I have this example from Chaikin/Lubensky, but the steps in between and the reasoning are missing. This is about the pair distribution function $g$.
$$\langle n(x_1)\rangle g(x_1,x_2)\langle n(x_2)\rangle= \langle \sum \limits_{\alpha \neq \alpha'} \delta(x_1- x_\alpha) \delta(x_2 - x_{\alpha'})\rangle$$
and then for a homogeneous fluid we have
$$\langle n\rangle^2 g(x_1-x_2)= {1 \over V } \int dx_2 \langle \sum \limits_{\alpha \neq \alpha'} \delta(x_1- x_\alpha) \delta(x_2 - x_{\alpha'})\rangle$$
What happens to the left side and why? Please be detailed. If possible I would really like to know how this can be done formally correct.

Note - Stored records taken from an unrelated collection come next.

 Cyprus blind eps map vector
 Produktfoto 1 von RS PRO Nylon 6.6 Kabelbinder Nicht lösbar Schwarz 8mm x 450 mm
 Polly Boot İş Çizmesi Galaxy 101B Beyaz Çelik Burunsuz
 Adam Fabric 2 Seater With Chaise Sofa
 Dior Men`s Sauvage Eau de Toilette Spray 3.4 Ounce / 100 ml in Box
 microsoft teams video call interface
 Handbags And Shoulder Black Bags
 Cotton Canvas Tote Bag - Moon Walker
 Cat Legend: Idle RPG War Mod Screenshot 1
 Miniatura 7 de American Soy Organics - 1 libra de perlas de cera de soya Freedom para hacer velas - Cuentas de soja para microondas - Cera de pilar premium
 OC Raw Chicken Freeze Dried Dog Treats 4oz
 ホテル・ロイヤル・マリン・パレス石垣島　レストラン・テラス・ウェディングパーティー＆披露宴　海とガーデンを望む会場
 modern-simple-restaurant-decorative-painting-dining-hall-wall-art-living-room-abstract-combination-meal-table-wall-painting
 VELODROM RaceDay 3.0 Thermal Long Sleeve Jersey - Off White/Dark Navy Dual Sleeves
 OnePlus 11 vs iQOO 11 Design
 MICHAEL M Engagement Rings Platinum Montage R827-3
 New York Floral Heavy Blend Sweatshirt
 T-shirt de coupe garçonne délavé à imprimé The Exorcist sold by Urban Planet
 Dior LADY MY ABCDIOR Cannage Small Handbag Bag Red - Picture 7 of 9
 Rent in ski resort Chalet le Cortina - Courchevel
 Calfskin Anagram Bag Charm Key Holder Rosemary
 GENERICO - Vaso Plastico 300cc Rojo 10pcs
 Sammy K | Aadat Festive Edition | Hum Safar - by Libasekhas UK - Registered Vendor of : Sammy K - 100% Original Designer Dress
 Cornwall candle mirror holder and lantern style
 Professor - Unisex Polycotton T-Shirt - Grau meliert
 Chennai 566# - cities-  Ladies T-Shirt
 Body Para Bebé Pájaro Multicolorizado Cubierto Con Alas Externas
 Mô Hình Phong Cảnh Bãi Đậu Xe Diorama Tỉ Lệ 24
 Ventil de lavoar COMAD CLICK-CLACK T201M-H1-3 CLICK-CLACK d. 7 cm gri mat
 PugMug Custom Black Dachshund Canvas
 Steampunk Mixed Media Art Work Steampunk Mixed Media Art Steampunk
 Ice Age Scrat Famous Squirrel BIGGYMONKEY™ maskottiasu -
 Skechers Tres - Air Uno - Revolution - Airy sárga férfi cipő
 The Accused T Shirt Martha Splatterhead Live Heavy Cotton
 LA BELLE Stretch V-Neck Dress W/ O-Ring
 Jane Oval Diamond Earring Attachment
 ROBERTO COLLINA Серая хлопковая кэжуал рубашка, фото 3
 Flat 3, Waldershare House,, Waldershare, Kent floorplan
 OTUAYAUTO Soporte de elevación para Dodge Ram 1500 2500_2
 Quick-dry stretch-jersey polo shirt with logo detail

In physics, a homogeneous material or system has the same properties at every point. By translation invariance, one means independence of (absolute) position, especially when referring to a law of physics, or to the evolution of a physical system. If this is the case, then, all the functions which express properties of the material, cannot depend on the point where they are calculated.
In your specific calculation, the pair distribution function is by definition a function of two points $x_1$ and $x_2$. The only way $g(x_1,x_2)$ can depend on the two positions $x_1$, $x_2$ without breaking the assumption of symmetry, is if it depends on their distance.
Indeed, this is true in general: any function of space, in an homogeneous system, is wither a constant or a function of distances between points.
Going back to your calculation:
$$F(x_1,x_2):= \langle \sum \limits_{\alpha \neq \alpha'} \delta(x_1- x_\alpha) \delta(x_2 - x_{\alpha'})\rangle$$
cannot depend on $x_1,x_2$ but must depend on their difference. Moreover, the function will be equal to its average over the space, in one variable, always because of the homogeneity. The object that you wrote in the last step, on the r.h.s., is the spatial average of $f(x_2):=F(x_1,x_2)$ keeping $x_1$ fixed.
In the following steps, I can imagine that Chaikin and Lubensky show how this average can be written as a function of $x_1-x_2$ only.